[[ Given records open ]]
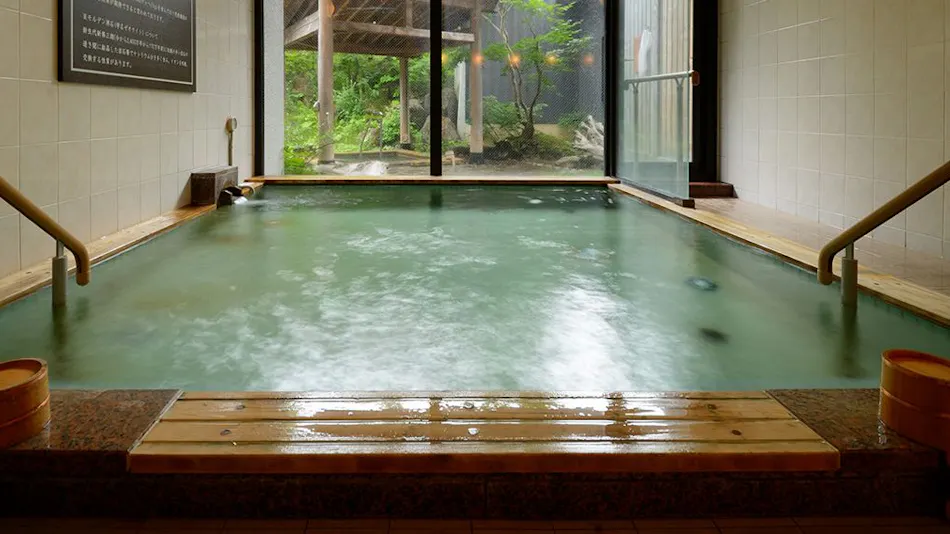 Appi Kogen Mori no Hotel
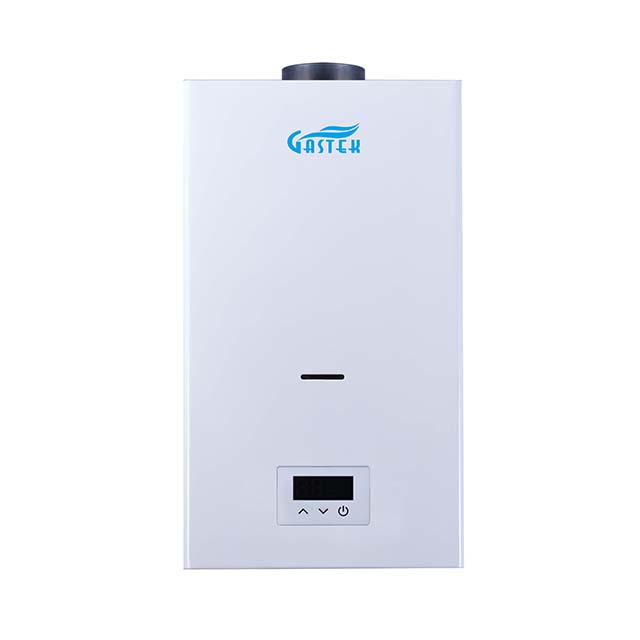 Constant temperature flue type gas water heater powered by electricity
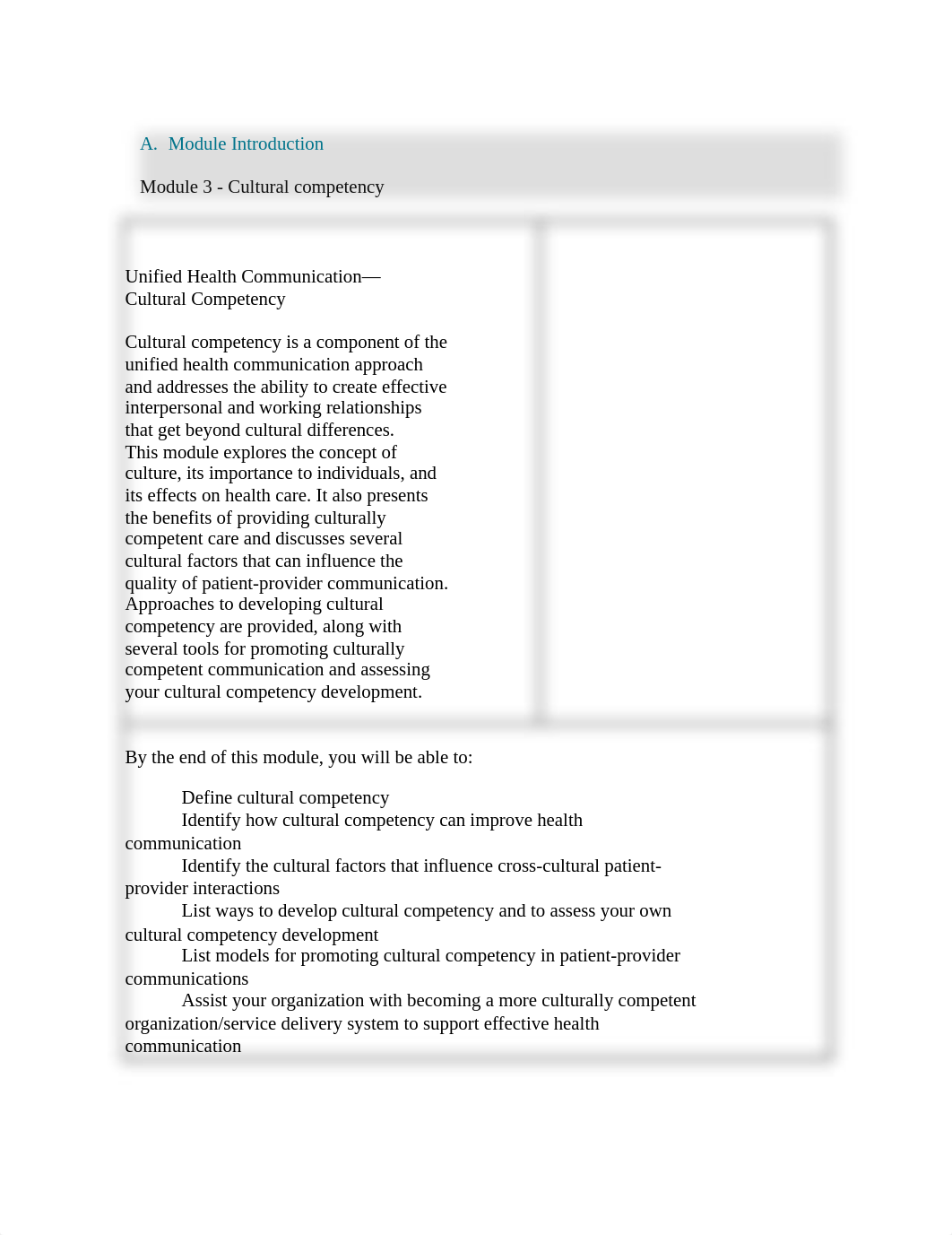 Module 3 Cultural Competency_dsk1icg4z7l_page1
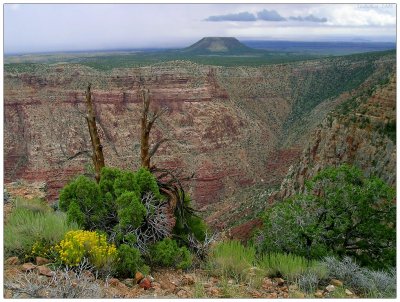 Grand Canyon National Park, Arizona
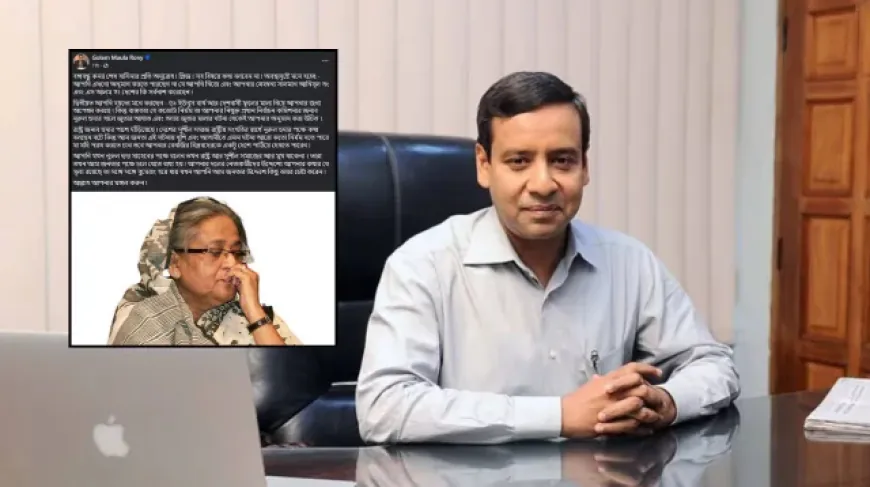 প্লিজ! সব বিষয়ে কথা বলবেন না’— শেখ হাসিনার উদ্দেশ্যে রনি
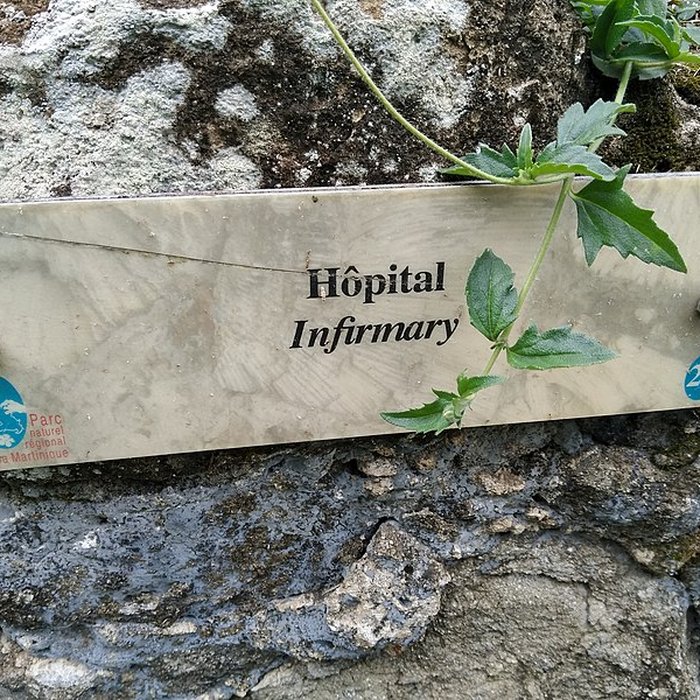 Photo de Habitation sucrière, dite Château-Dubuc, sur la presquîle de la Caravelle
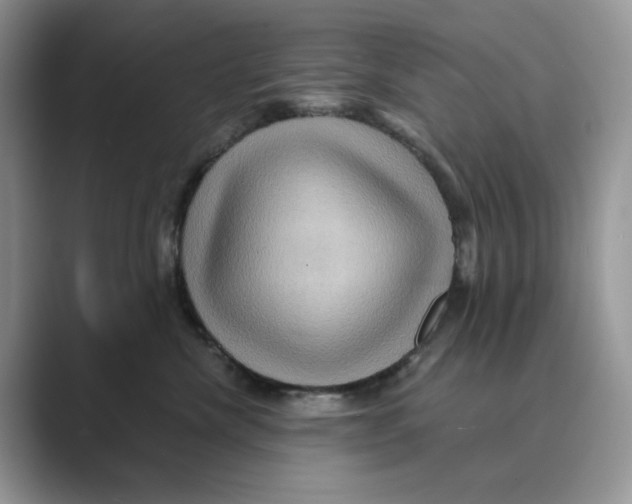 X0000088860476200707061054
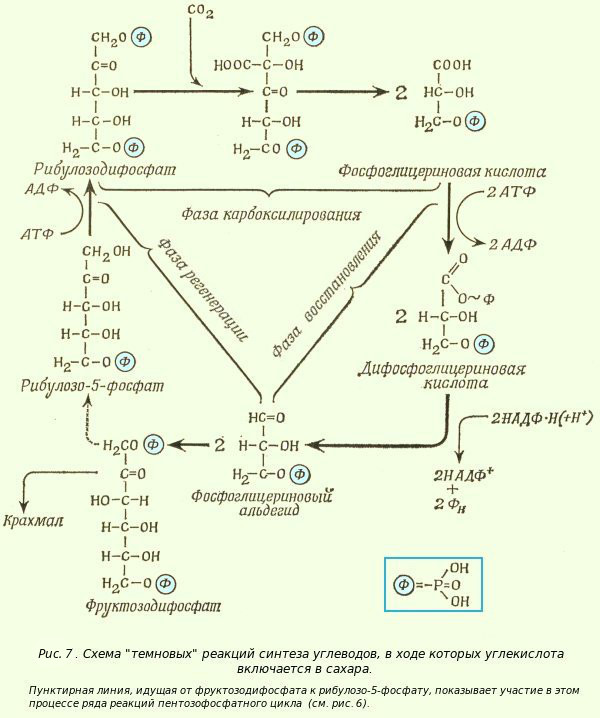 Синтез крахмала световая фаза. Рибулозодифосфат в фотосинтезе. НАДФ В фотосинтезе. Синтез углеводов из со2 н2оорганоид. Рибулозобисфосфат получение.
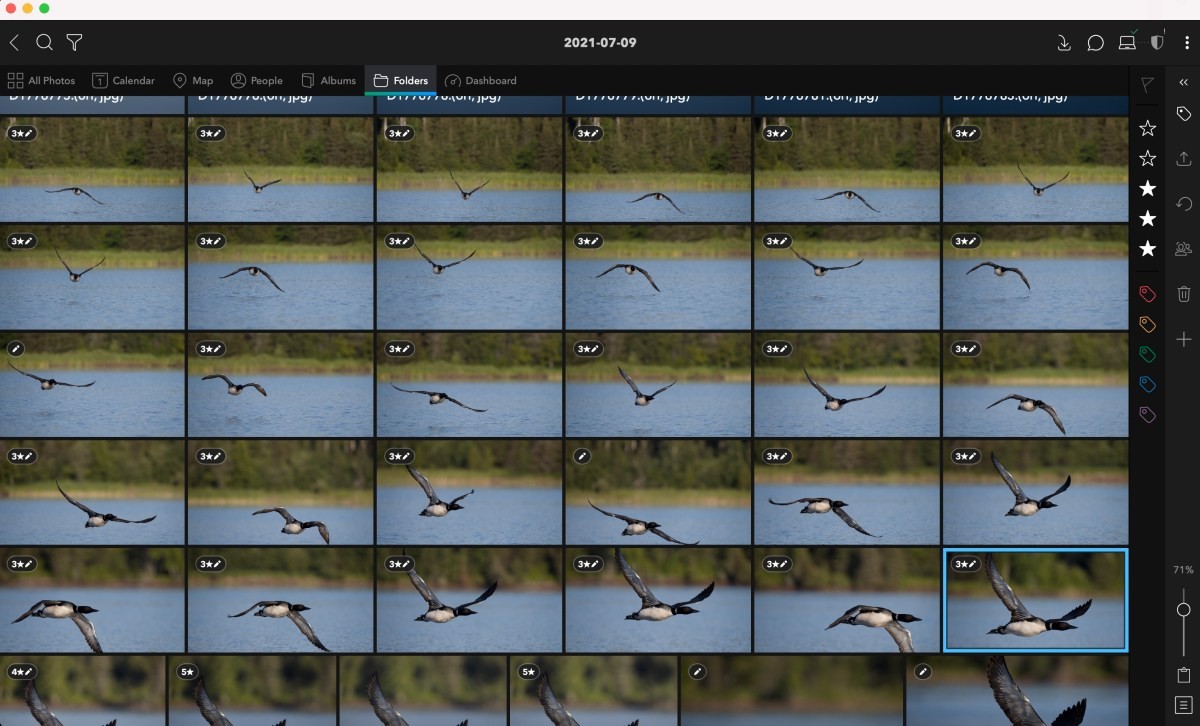 This is a series of images of a common loon starting out flying straight at me.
[[ Given records closed ]]
**Exercise aim**
Please print all the lines above exactly as given and leave out every picture.

**Exercise response**
 Appi Kogen Mori no Hotel
 Constant temperature flue type gas water heater powered by electricity
 Module 3 Cultural Competency_dsk1icg4z7l_page1
 Grand Canyon National Park, Arizona
 প্লিজ! সব বিষয়ে কথা বলবেন না’— শেখ হাসিনার উদ্দেশ্যে রনি
 Photo de Habitation sucrière, dite Château-Dubuc, sur la presquîle de la Caravelle
 X0000088860476200707061054
 Синтез крахмала световая фаза. Рибулозодифосфат в фотосинтезе. НАДФ В фотосинтезе. Синтез углеводов из со2 н2оорганоид. Рибулозобисфосфат получение.
 This is a series of images of a common loon starting out flying straight at me.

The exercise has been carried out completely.